Assessors support three config buckets:

  • constructor: kwargs for the assessor constructor or underlying library object

  • call: verbatim library kwargs for the per-call attack invocation

  • raitap: RAITAP-owned runtime options such as batching, progress bars, and sample-name metadata

Visualisers continue to support constructor and call only.

This keeps the boundary clear for users: call is what the library sees at attack time, while raitap is what RAITAP itself consumes.

The perturbation budget keys (eps, alpha, steps) live in only one of constructor: and call: per framework; the other source is ignored by the adapter. RAITAP picks the authoritative side automatically:

Adapter

Budget block

Why

TorchattacksAssessor

constructor:

The adapter does attack_class(model, **constructor) once and never forwards per-call budget kwargs.

FoolboxAssessor

call:

Foolbox attacks read epsilons=... at attack(fmodel, inputs, targets, epsilons=...).

Putting budget kwargs in the wrong block emits a warning so the misconfiguration is visible in the run log.

Typed semantics and visualiser compatibility

RAITAP uses typed AssessmentKind, ThreatModel, Objective, and PerturbationBudget semantics to validate visualisers against the result they receive.
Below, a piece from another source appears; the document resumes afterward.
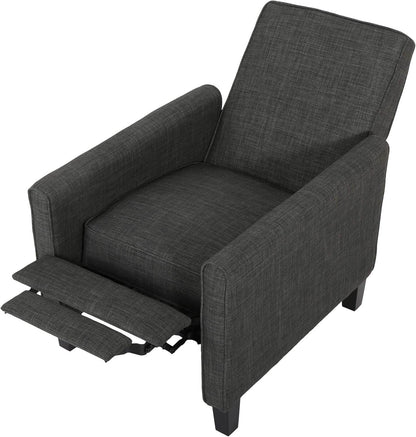 Emmie Fabric Recliner (Set of 2), Moss Gray, Dark Brown - Loft&Timber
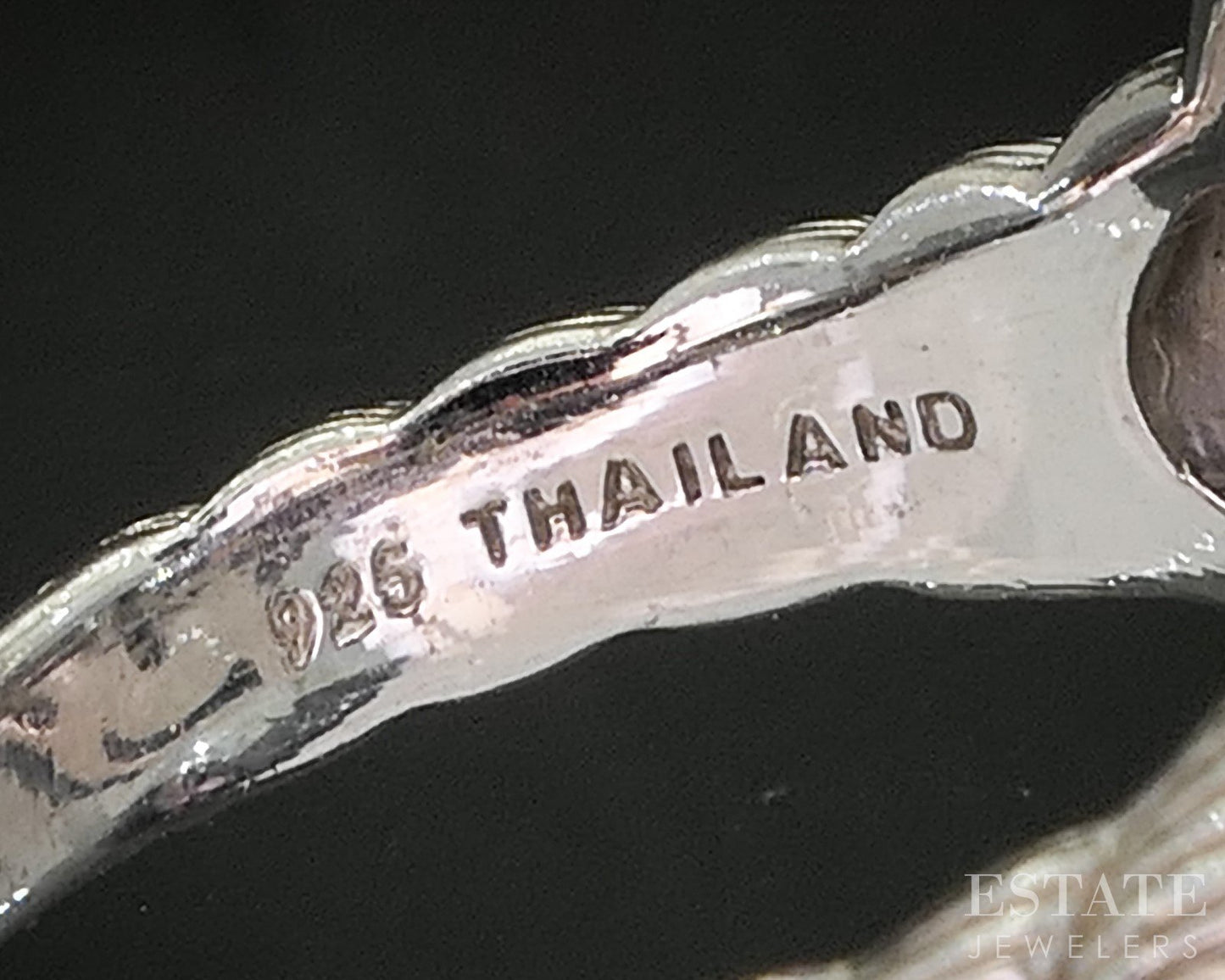 Sterling Silver Judith Ripka Mabe Pearl & Citrine Ladies Ring 12.8g p18588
In short:

  • assessors produce typed RobustnessResult.semantics

  • visualisers declare which AssessmentKind they can render via the supported_assessment_kinds: ClassVar[frozenset[AssessmentKind]] attribute

  • the factory rejects incompatible pairings at YAML parse time (AssessmentKindVisualiserIncompatibilityError)

  • image visualisers additionally refuse non-image results (input_spec.kind != IMAGE)

Visualiser

Supports

Notes

ImagePairVisualiser

EMPIRICAL_ATTACK

Renders N rows by 3 columns: clean, perturbed, signed perturbation heatmap. Rejects tabular / time-series / token results.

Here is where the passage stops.